● **Aim of the task**: Your reply must contain the full listing below, reproduced exactly, but no pictures.

● **Supplied information**:
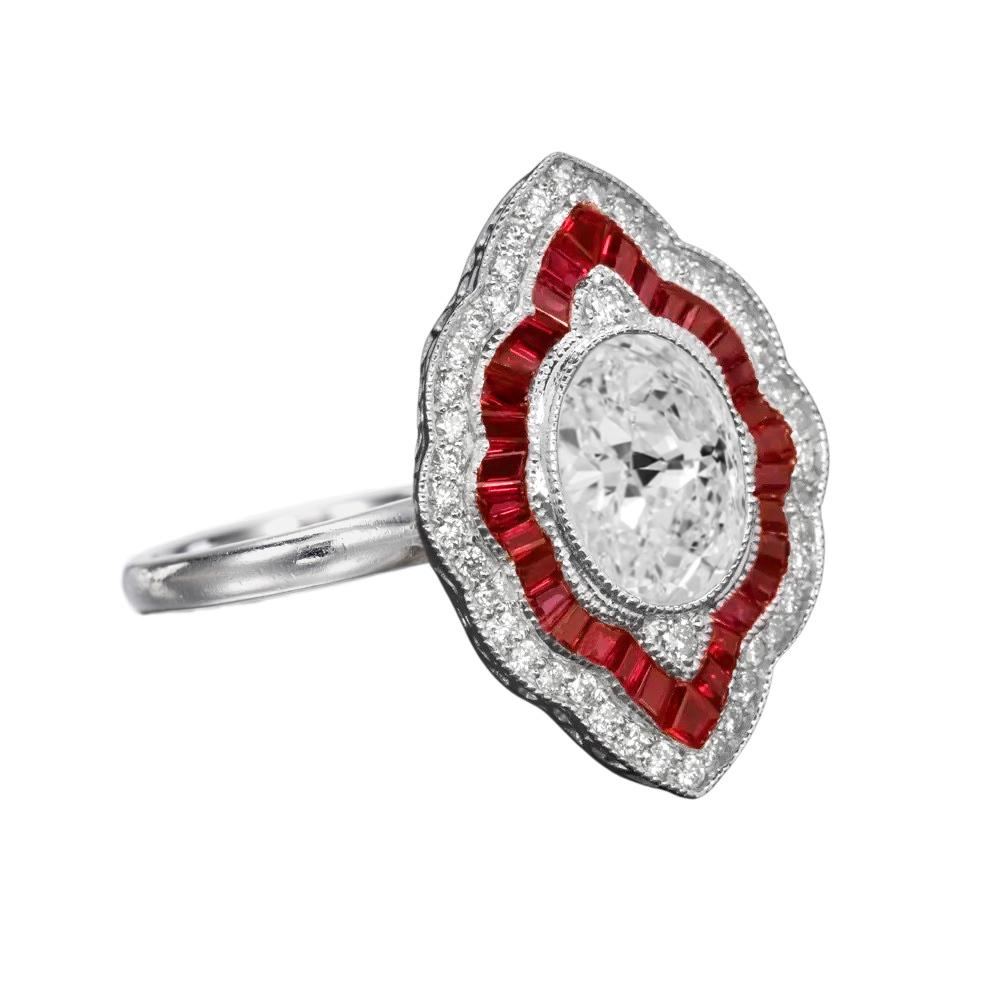 Oval Cut GIA Certified 1.50 Carat Oval Diamond Red Rubies Cocktail Ring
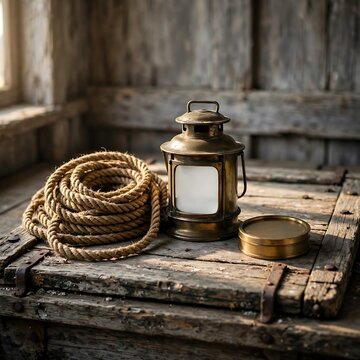 Antique brass lantern and coiled hemp rope sitting on weathered wooden maritime chest top.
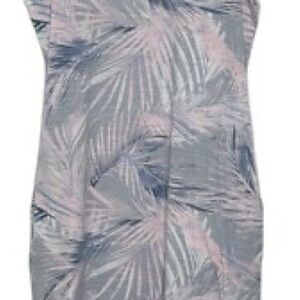 Tahari Women's Palm Print Midi Dress - Pink and Blue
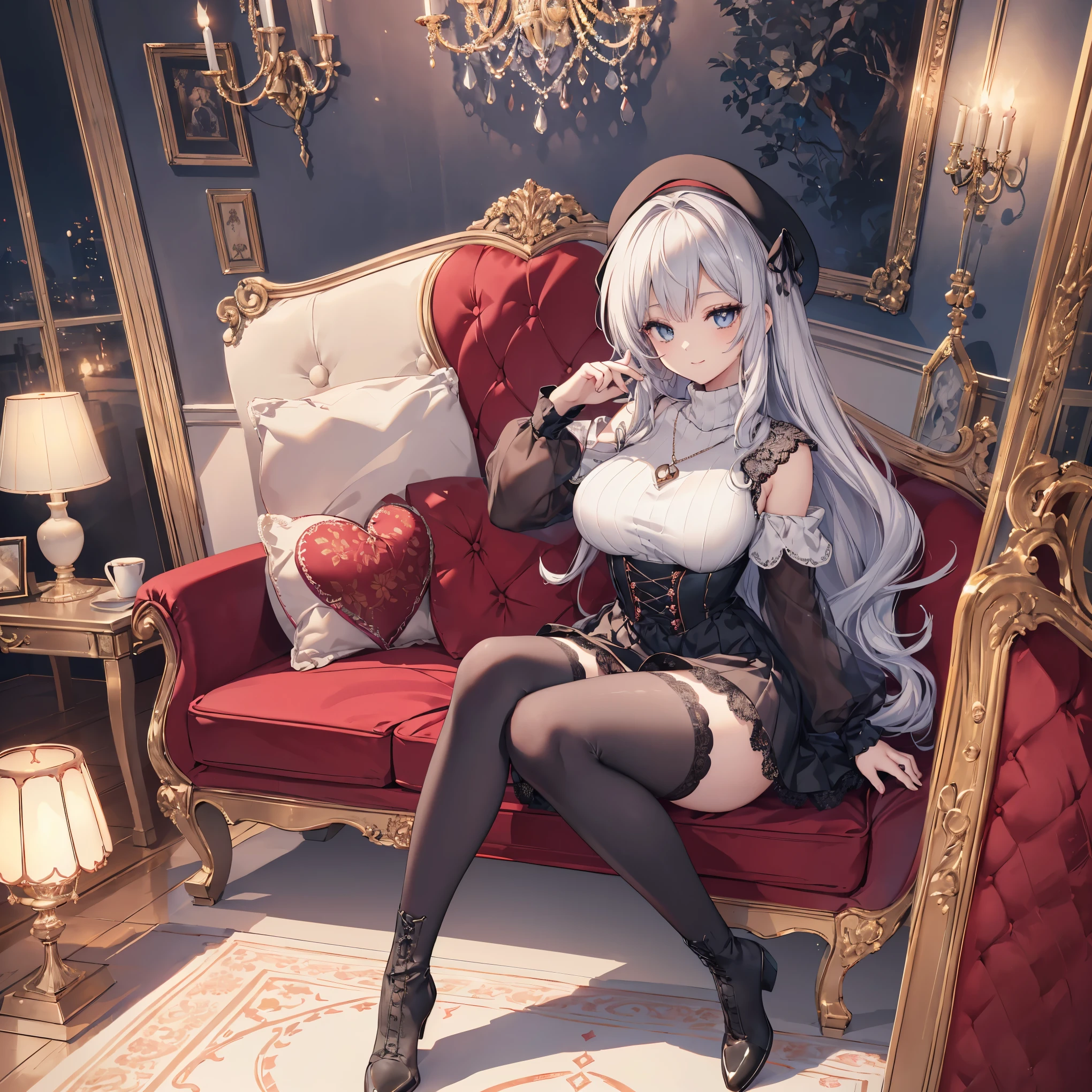 ((8Kmasterpiece,highest quality)), ultra high resolution, (masterpiece: 1.4), hyper detail, (((1 girl))),beautiful and delicate eyes,golden eyes,Big eyes,shining eyes of light,Thin and long eyelashes,detailed light,beautiful face,((silver hair)),((long hair)),In a white suit,Black high-cut boots,DTM,PC,Composing music,keyboard,guitar,Gaming Room,sitting cross-legged on a gaming chair,fearless smile,looking at the viewer, slender body chest,(very big )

● **Reply**:
 Oval Cut GIA Certified 1.50 Carat Oval Diamond Red Rubies Cocktail Ring
 Antique brass lantern and coiled hemp rope sitting on weathered wooden maritime chest top.
 Tahari Women's Palm Print Midi Dress - Pink and Blue
 ((8Kmasterpiece,highest quality)), ultra high resolution, (masterpiece: 1.4), hyper detail, (((1 girl))),beautiful and delicate eyes,golden eyes,Big eyes,shining eyes of light,Thin and long eyelashes,detailed light,beautiful face,((silver hair)),((long hair)),In a white suit,Black high-cut boots,DTM,PC,Composing music,keyboard,guitar,Gaming Room,sitting cross-legged on a gaming chair,fearless smile,looking at the viewer, slender body chest,(very big )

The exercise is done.